How to Stay as a Dormant Company
Don’t unwittingly involve your company in any significant transactions and make sure you keep up with your reporting requirements. In a nutshell, this is what’s needed to stay as a dormant company.
Here we look at what this means in practice. We will explain how maintaining a dormant company need not be an administrative hassle. We also look at how keeping hold of a dormant company could be a sensible move for your business.
Why stay as a dormant company?
Let’s consider two scenarios, where business owners are especially likely to choose to keep a dormant company, either in the medium or long term:
Putting matters on hold
There are lots of reasons why the owner of an existing company may choose to call a halt on trading. This could be down to a decision to shift focus to another venture for instance or to take time out for personal reasons. Does this mean that the company needs to be wound up? Not necessarily. Compared to dissolving the company and then having to apply to have it restored to the register if circumstances change, keeping it alive as a dormant company is a cost-effective and relatively easy way of leaving your options open.
Start-ups: protecting your reputation and putting everything in place
For entrepreneurs who are yet to make the shift to operating as a company, registering a company with the same name as your business stops anyone else from taking that company name. This prevents confusion for customers and a possible reputational blow for you. Maintaining the company as dormant also means it’s ready and waiting for when (or if) you decide you’d rather operate as a company.

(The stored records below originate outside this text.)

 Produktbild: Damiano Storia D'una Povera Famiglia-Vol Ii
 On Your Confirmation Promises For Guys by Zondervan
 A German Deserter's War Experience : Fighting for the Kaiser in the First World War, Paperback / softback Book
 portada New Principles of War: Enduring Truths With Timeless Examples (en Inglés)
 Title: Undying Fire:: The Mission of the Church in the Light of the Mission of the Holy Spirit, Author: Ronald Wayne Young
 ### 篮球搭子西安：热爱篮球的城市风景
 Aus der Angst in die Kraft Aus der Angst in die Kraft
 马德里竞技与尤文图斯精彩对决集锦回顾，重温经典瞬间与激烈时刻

In both situations, there’s no time cap on this. So long as you keep on the right side of Companies House and HMRC you can maintain a dormant company indefinitely.

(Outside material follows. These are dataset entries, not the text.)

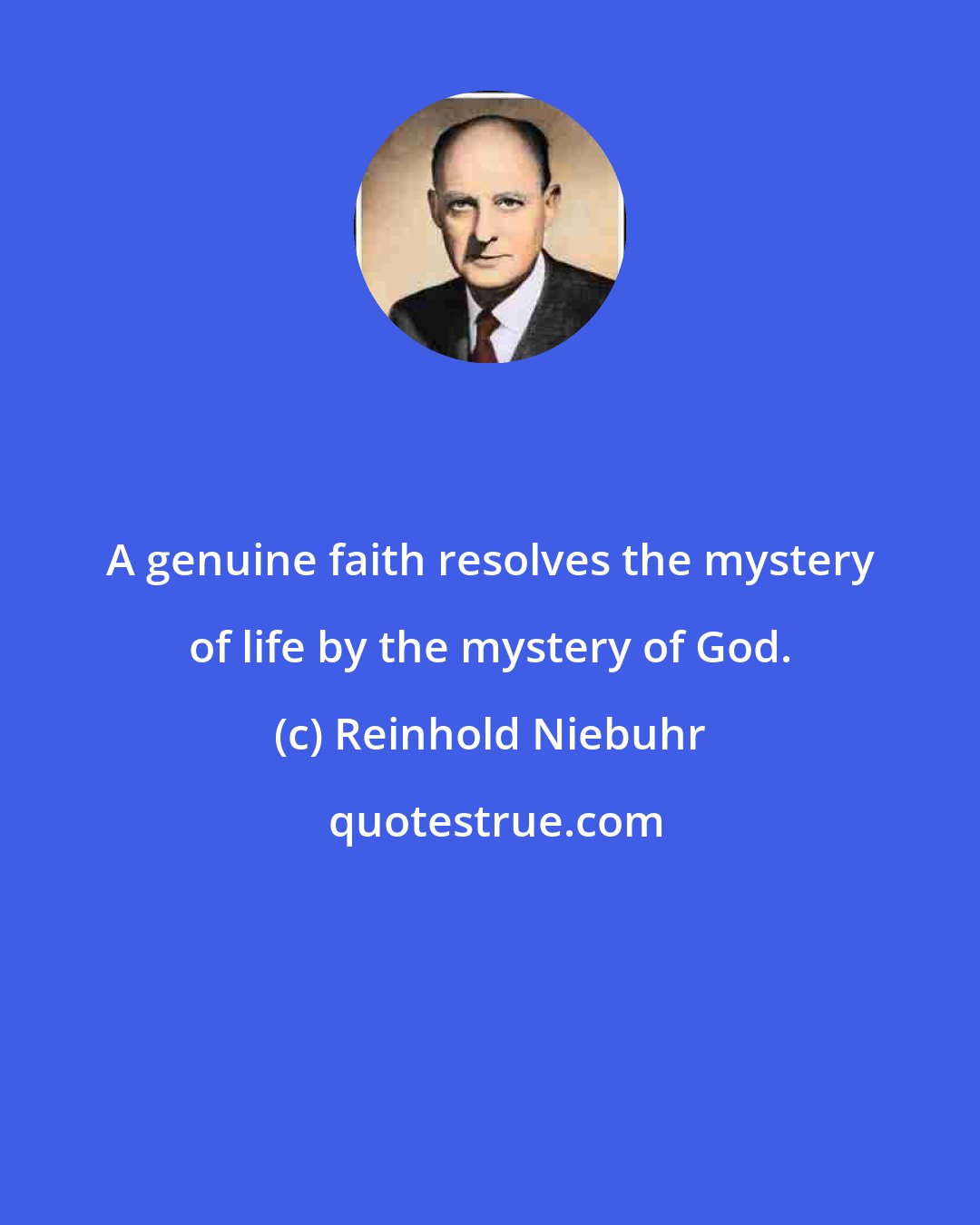 Reinhold Niebuhr: A genuine faith resolves the mystery of life by the mystery of God.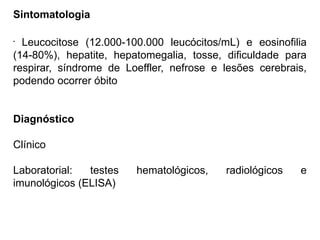 Sintomatologia
•
Leucocitose (12.000-100.000 leucócitos/mL) e eosinofilia
(14-80%), hepatite, hepatomegalia, tosse, dificuldade para
respirar, síndrome de Loeffler, nefrose e lesões cerebrais,
podendo ocorrer óbito
Diagnóstico
Clínico
Laboratorial: testes hematológicos, radiológicos e
imunológicos (ELISA)
 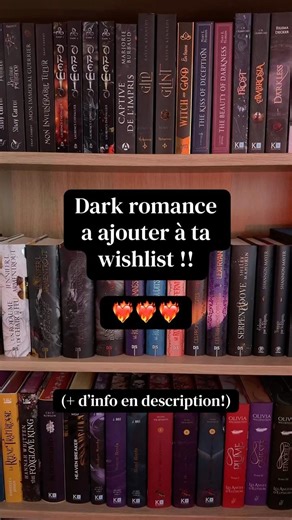 9 Dark romance à ajouter à ta wishlist ❤️‍🔥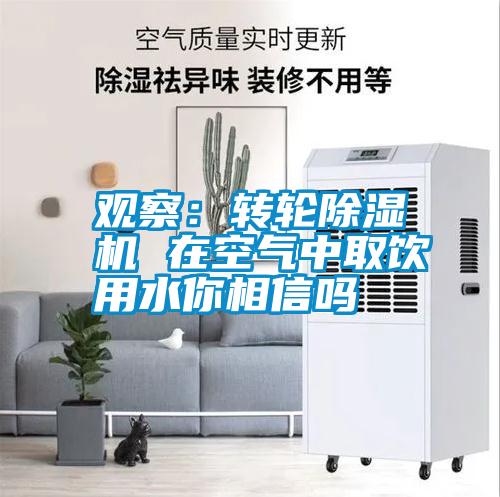 观察：转轮除湿机 在空气中取饮用水你相信吗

The golden rule for staying dormant: avoid significant accounting transactions
Companies House defines a dormant company as one that “has had no significant accounting transactions during the accounting period”. HMRC refers to a dormant company as “one that’s not active, not liable for Corporation Tax or not within the charge to Corporation Tax”.
Companies House goes a step further and sets out the only allowed transactions of a dormant company:
Payment for shares taken by subscribers to the memorandum of association.
Fees paid to the Registrar of Companies for a change of company name, the re-registration of a company and filing annual returns.
Payment of a civil penalty for late filing of accounts.
If you are intentionally or unintentionally turning your dormant company active you will become liable for a full set of trading accounts and Corporation Tax assessment for the relevant period. To avoid this hassle the key is not to conduct any transactions through the company.
For sole traders who are setting up a dormant company for the future and/or to protect their name, it’s a case of ‘business as usual’. You should continue to trade as before and make sure you don’t use the dormant company for any transactions.
For active companies that wish to become dormant, it’s a matter of winding down existing financial arrangements. Typically, this involves making sure that all existing customers are aware that you are ceasing trading through the company and terminating any outstanding contracts. The payroll must be closed and a set of final accounts needs to be drawn up, including payment of any outstanding Corporation Tax.
Be especially careful with bank accounts as a “significant accounting transaction” includes an interest payment or bank charge no matter how small.
Dealing with Companies House
First, the bad news: dormant companies don’t escape the annual filing obligations required of all companies.
Now, the good news: these requirements are actually pretty straightforward. After all, there is essentially nothing happening with a dormant company. This /means there’s very little in the way of substantive information to deal with. Online filing is a real timesaver too. With WebFiling most of the forms are auto-completed for you and there’s no possibility of the forms getting lost in the post.
There are two parts to your basic filing requirements each year:
Dormant company accounts. A form consisting of a balance sheet. This shows that the company has not been involved in any significant transactions for the accounting period.
The annual return. A standard form AR01. This gives a snapshot of current information concerning your company. There’s a charge of £13 if you file this online, or £40 by post.
In addition, if you appoint a new director to the company you need to complete and file form AP01. If a director resigns from the company notification should be given to Companies House using form TM01, but you must be careful to ensure that the company has at least one director at all times. Notification of a change of registered office address for the dormant company is dealt with by submitting form AD01. These notifications should be given within 14 days of the change. It’s quicker and easier to file the relevant forms online.
Dealing with HMRC
HMRC is notified automatically once a new company has been formed. Shortly afterwards HMRC will be in touch with an “Information for new companies” pack. If the company starts trading you must notify HMRC within 3 months.